SPI.transfer(B01001000);
ident_reg_contents = SPI.transfer(B00000000);


Certainly that's how this page is implying to do so - http://www.breitband-lambda.de/pages/lambda---english/controlling-the-cj125.php?lang=EN

The 'Read Access' bit of the datasheet shows that too, send the address - then send 8 dummy bits, and the return of each dummy bit is the corresponding register entry, MSB first.

Perhaps i'm missing something fundamental? Do you mean my methodology is wrong, or my syntax to save the returned data is wrong? If it's of any help, I have no compiler errors at all.

Many thanks so far!

Nick Gammon

Code: [Select]

SPI.transfer(B01001000);


How about:

Code: [Select]

SPI.transfer(0x48);


That's easier to read, and matches the spec.

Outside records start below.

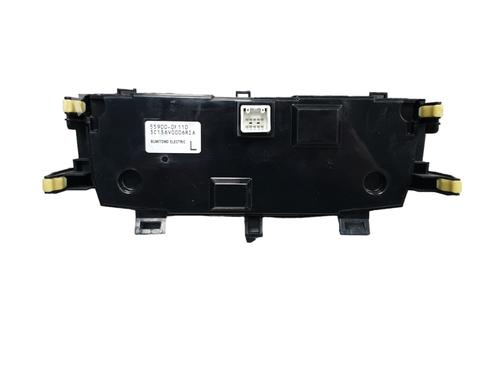 Climate control TOYOTA VERSO (_R2_) 2.2 D-4D (AUR21_, AUR21R) | BP32055772I5 - Image 2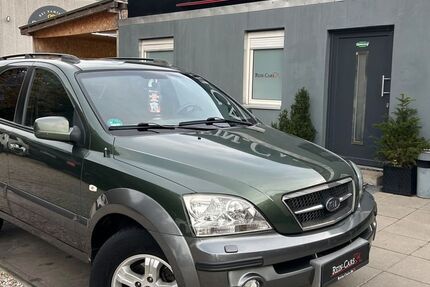Kia Sorento 182.000 km 5.490 &euro; Berlin 13088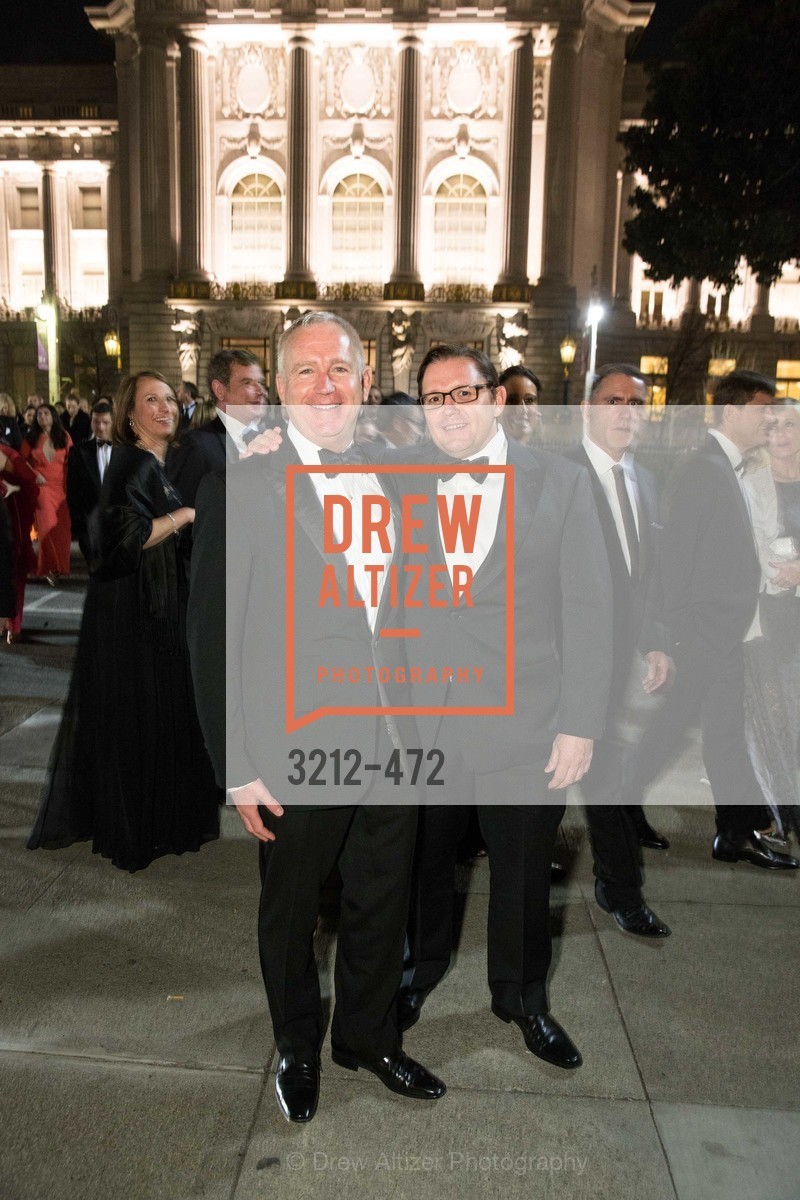Glenn McCoy, SAN FRANCISCO BALLET Opening Night Gala: PHENOMENAL - Intermission & Dinner, US. SF City Hall, January 22nd, 2014,Drew Altizer, Drew Altizer Photography, full-service agency, private events, San Francisco photographer, photographer california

Their page seems to suggest the data is in 16-bit lots:



So without the device to hand it is hard to be sure. You could try the 16-bit approach:

Code: [Select]

SPI.transfer(0);  // MS byte
SPI.transfer(0x48);  // LS byte

byte result1 = SPI.transfer(0);
byte result2 = SPI.transfer(0);


And then try printing those.

jtw11

I went over to binary to make dealing with setting individual bits on or off, as I can simply line them up with their graphical display in the datasheet. On that note, may one mix hex & binary in the same code?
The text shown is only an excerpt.